Wall-E: Avoiding the Lorax

I went and saw Wall-E yesterday with the kids, and the proof that Pixar has made another winner was that the flick held Stalliondo’s undivided attention for almost the entire movie. (He got fidgety near the end.) I ended up liking the film a whole lot more than I thought I would, probably because I was bracing myself for a high-tech version of The Lorax, a story that makes me wretch just thinking about it.

Who could forget the colorful piece of bile that is The Lorax? It’s Dr. Seuss’ environmental screed about a fluffy busybody that wants to shut down the Thneed industry.
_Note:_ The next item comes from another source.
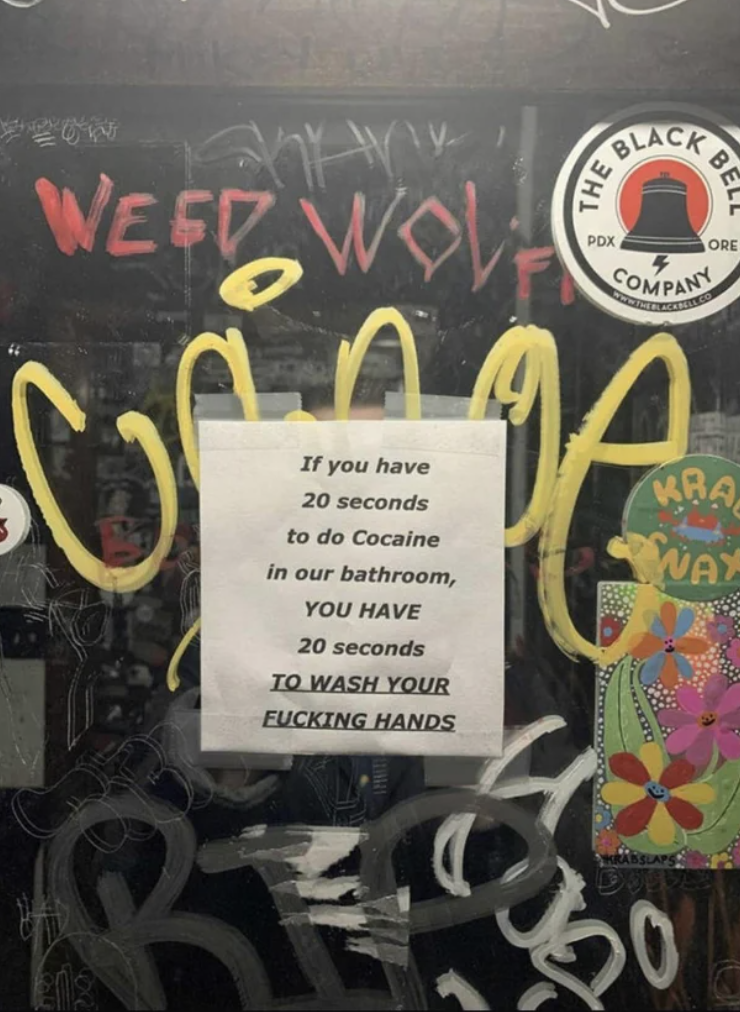 A sign on a wall covered in graffiti says "if you have 20 seconds to do cocaine in our bathroom, you have 20 seconds to wash your fucking hands"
Thneeds, which everyone needs, are made out of Truffula trees, and the Lorax speaks for the Truffula trees, doncha know, but the Onceler is chopping all of them down and choking the rivers and leaving a desolate wasteland, forcing the Lorax to lift himself by his buttocks into the sky, leaving behind a platform that says, pretentiously, “Unless…”
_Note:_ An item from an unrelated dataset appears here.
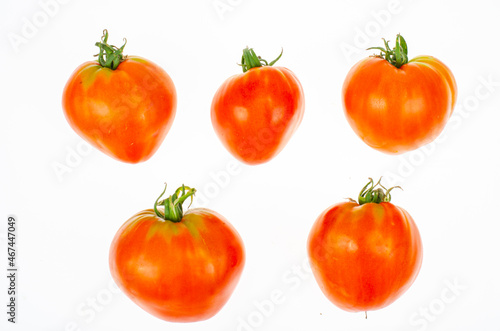 Red tomatoes in shape of heart on white background. Studio Photo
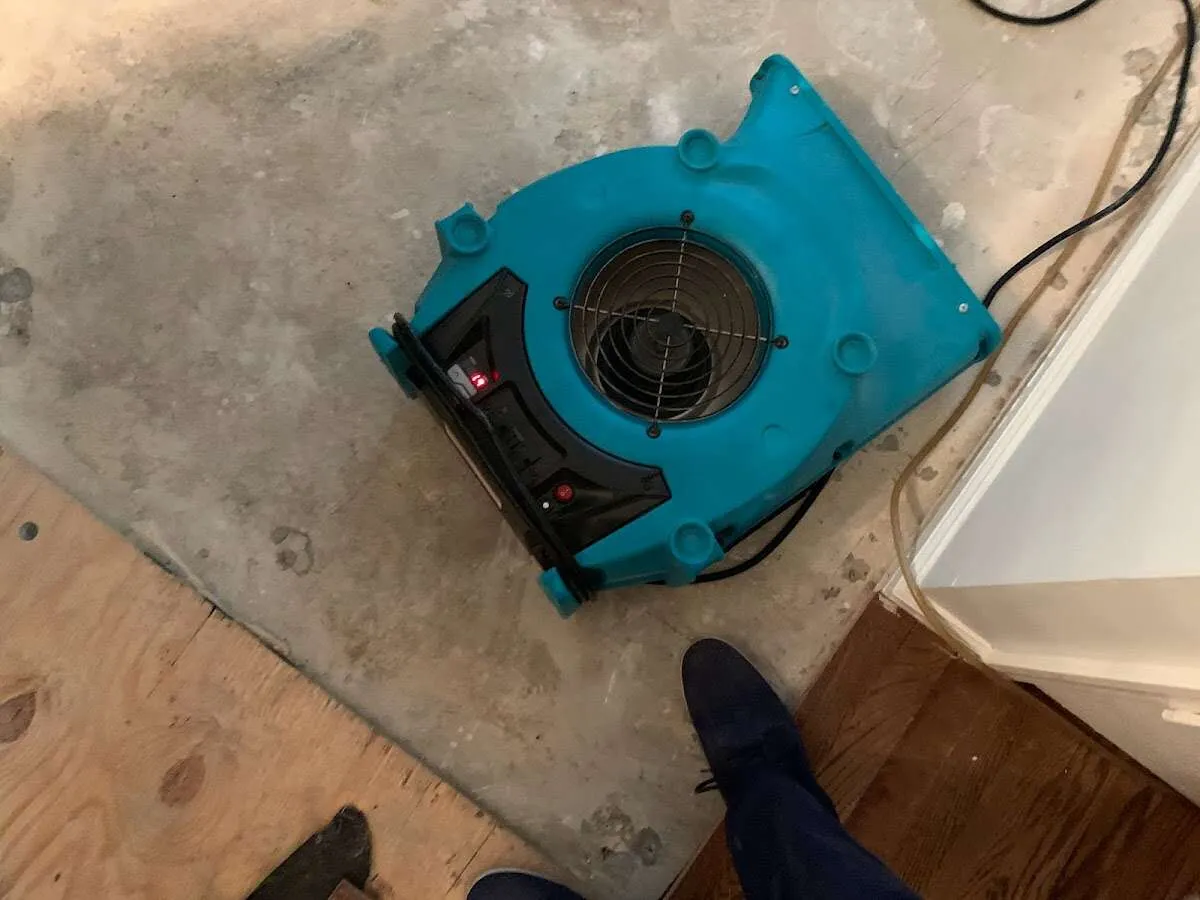 Air mover drying subfloor during Commercial Water Damage Restoration in Hubbard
It’s preachy, didactic crap that makes no sense. I mean, come on! Ol’ Onceler would be replanting Truffulas all along the way so as to keep the Thneed industry in business and make sure his product line never stopped moving. People fail to understand that those who make their living off the land have a vested interest in ensuring that the land remains profitable – which means keeping it in good, fertile condition. The government and the tree huggers want us to abandon the land to its own devices, but the results aren’t great. Believe me, I’ve tried that technique in my own backyard, and it doesn’t work well.

(As a tangent, I should note that My Esteemed Colleague once protested the removal of a grass island in the middle of his street by sitting in front of a bulldozer and reading The Lorax. Now that would have been a sight to see.)

Anyway, The Lorax is, I think, the gold standard for maudlin environmental claptrap, and by expecting a similar dose of green guilt, I was relieved to discover that wasn’t really what Wall-E was trying to do. It’s there if you look for it, though, especially in the idea that it’s unfettered capitalism that will do us in. The world has been co-opted by a massive corporation called “BuyNLarge,” run by a president played, in live action, by the brilliant Fred Willard, and the corporation also runs the government, too.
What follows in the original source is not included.